Bien que la douleur soit encore vive, Bai Yingyu se mordit la lèvre inférieure et se força à la supporter : « ...Je peux marcher. »
La méthode semblait correcte. Mo Yan poussa un soupir de soulagement et dit joyeusement
: «
Alors c’est connecté.
» Elle se retourna pour appeler Wu Zichu afin qu’il emmène Bai Yingyu avec elle, mais la trouva en train d’examiner une crevasse non loin de là.
Il était évident qu'à l'origine, une grande quantité de sable et de pierres avait été entassée à cet endroit, apparemment scellée intentionnellement. Cependant, à cause de la pluie et du vent, une grande partie du sable et des pierres a glissé, révélant l'entrée obscure du trou.
« Se pourrait-il qu'un trésor soit caché à l'intérieur ? » Mo Yan se pencha plus près, les yeux pétillants.
Wu Zichu aperçut un éclair à proximité et se pencha pour l'attraper. Lorsqu'il retira sa main, il tenait une pioche qu'il tendit à Mo Yan : « Tiens, ma belle ! »

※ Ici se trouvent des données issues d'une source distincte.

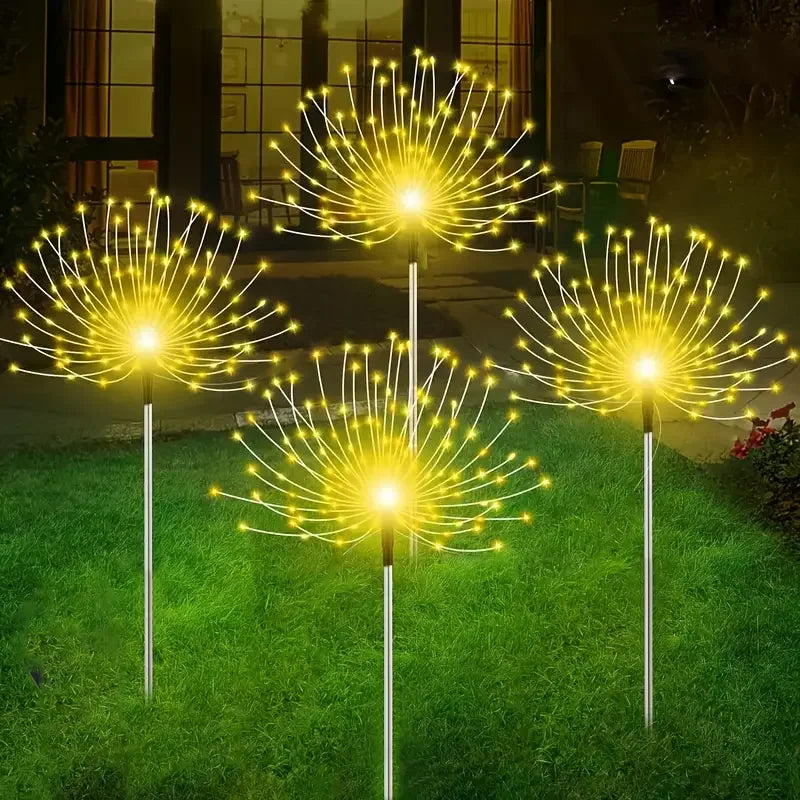 NEW Arrivals 4PCS Set Solar Garden Lights 200LED Waterproof Outdoor Lighting with Installation Hardware Firework Lights for Pathway Lawn Christmas Holiday Decoration Supplies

Mo Yan prit la pioche, tapota légèrement la lame rouillée du bout des doigts et dit d'un ton las : « C'est donc une mine, abandonnée depuis de nombreuses années. »
Comment saviez-vous que c'était un puits de mine ?

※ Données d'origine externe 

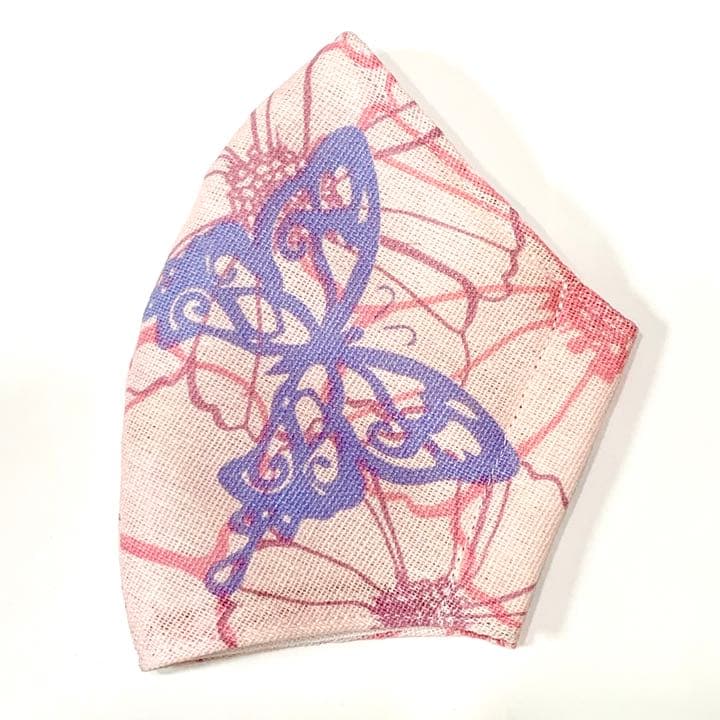 No.253 オーダーマスク　ハンドメイド　蝶々　花柄　ピンク　おまとめ割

« Ça se voit rien qu'en regardant cette pioche. » La lame est tellement usée, avec plusieurs bords ébréchés, que cela est clairement dû à des chocs fréquents contre des objets durs.
Wu Zichu plissa légèrement les yeux. Sans décret impérial, les gens ordinaires n'étaient pas autorisés à exploiter les mines à titre privé, et ici…
Mo Yan, s'ennuyant, s'apprêtait à jeter la pioche lorsque Wu Zichu la rattrapa. Tous deux portèrent ensuite Bai Yingyu en haut de la pente.